This Article is From Feb 23, 2017

Kerala To Go Online To Name And Shame Sex Offenders

Kerala To Go Online To Name And Shame Sex Offenders

Under fire for Kerala actress abduction case, state announces measures to tackle crimes against women.

Thiruvananthapuram: Hoping to shame sexual offenders and alert their potential victims, the Kerala government will launch an online registry that will contain their identification details and will be accessible to the public.

"It will be the first in the country and will be kept in public domain," Governor P Sathasivam said in his speech on the opening day of the state assembly's session on Thursday. The Governor, who also announced quicker monetary relief for sexual assault survivors, ensuring presence of women police in the rural belt and recruiting more women in the police force.

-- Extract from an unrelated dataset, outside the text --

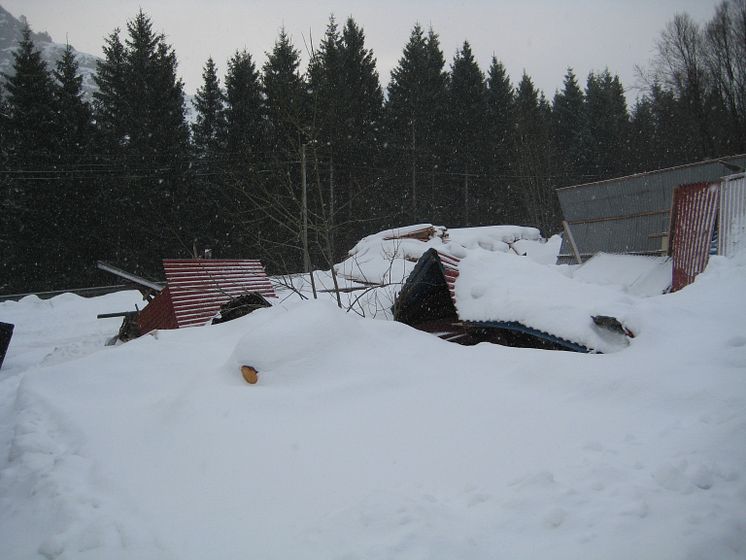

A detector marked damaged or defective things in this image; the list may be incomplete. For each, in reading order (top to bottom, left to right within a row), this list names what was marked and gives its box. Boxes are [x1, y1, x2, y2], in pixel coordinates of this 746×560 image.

rusty metal sheet [664, 183, 716, 294]
rusty metal sheet [716, 173, 744, 258]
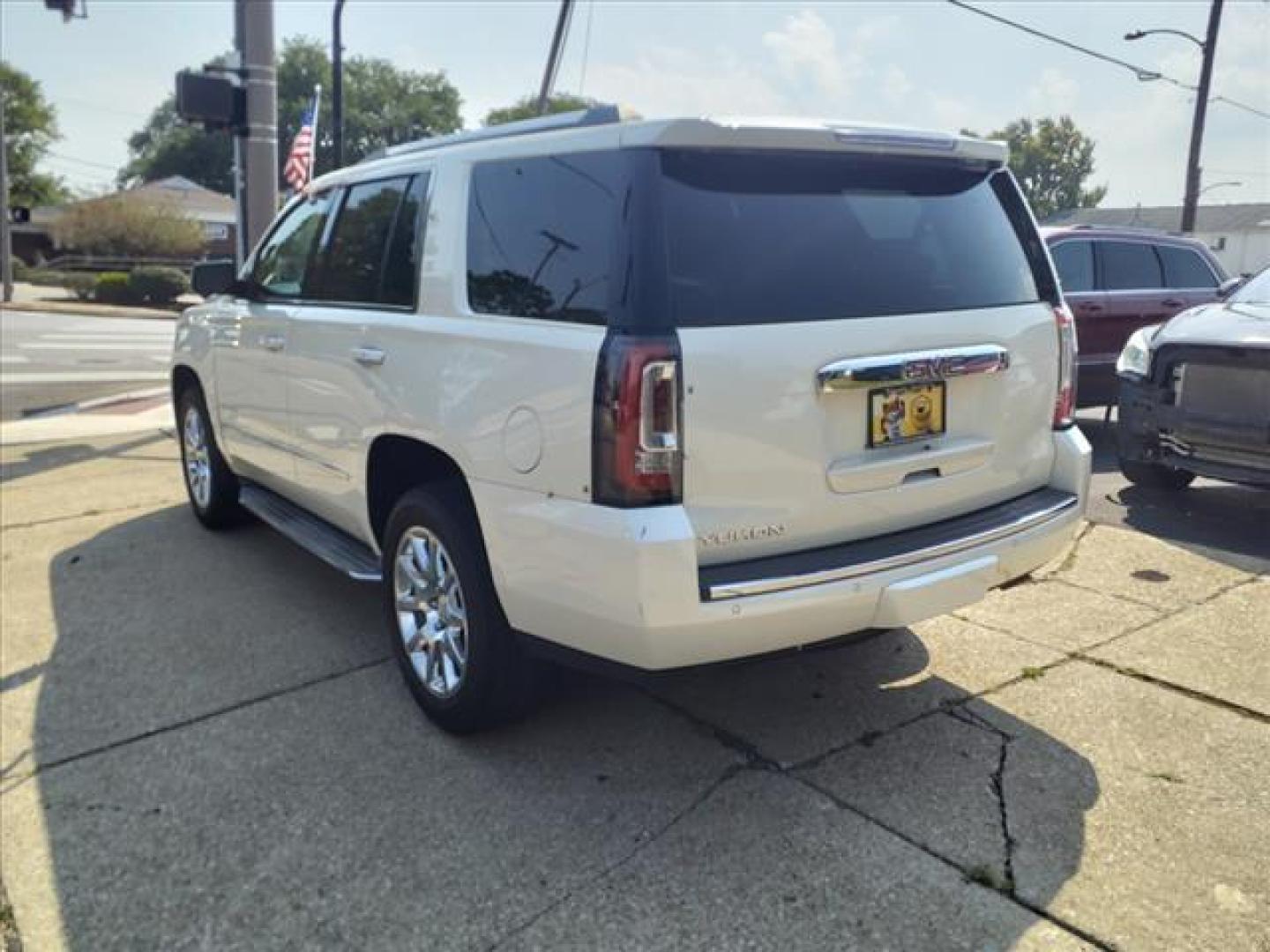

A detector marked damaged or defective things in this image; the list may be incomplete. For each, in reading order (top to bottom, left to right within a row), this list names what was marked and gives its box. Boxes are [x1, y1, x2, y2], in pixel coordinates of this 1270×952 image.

crack in concrete [0, 659, 391, 786]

The registry, the Governor said, would ensure deterrence linking a spike in sexual crimes to lack of social deterrence.

Well-known activist Sunitha Krishnan - who had suggested maintaining the online register to the state government - later told NDTV she was "humbled" at inclusion of the idea. "I have proposed the names of the offenders be made public for specific years, depending on the intensity of the crime," she said.

The bunch of initiatives to tackle crimes against women come against the backdrop of attacks on the ruling Left Front Government following the kidnaping and sexual assault of a leading south Indian actor in Kerala last week.

Minutes after the Governor ended his speech in the assembly, the police carried out a dramatic operation 200 km away to arrest the prime suspect, Pulsar Sunil, before he could surrender before a Kochi court.

But Kerala - contrary to what the government insists - isn't the first state to have an online registry to name and shame convicted sexual offenders.

The concept of a blacklist of sexual offenders has been doing the rounds for years but gathered momentum after the 2012 mid-December gang rape and torture of a 23-year-old paramedical student, dubbed Nirbhaya, in Delhi. The Union Home Ministry initially asked the National Crime Records Bureau to work on the plan but later decided to let the states handle it.

Delhi Police was the first off the blocks.

It culled out details of rapists convicted from 1983 onwards and put them out on its website. It later relaunched this facility.

Union Women and Child Development Minister Maneka Gandhi revived the demand for a national registry in 2015. Home Minister Rajnath Singh has agreed to implement once an ambitious project to link police stations and courts is complete.

Many countries across the world including Australia, Canada, New Zealand and the United States do have similar registries. But there is little evidence to suggest that it has deterred sex offenders.

Experts say what would make a real difference was certainty of arrest and a quick trial that ends in conviction. Nationwide, for every person convicted of a crime such as rape, two others are acquitted because the police either caught the wrong people or wasn't able to prove the case. In 2015 - the last year for which national crime statistics are available - only 131 people were convicted of rape in Kerala.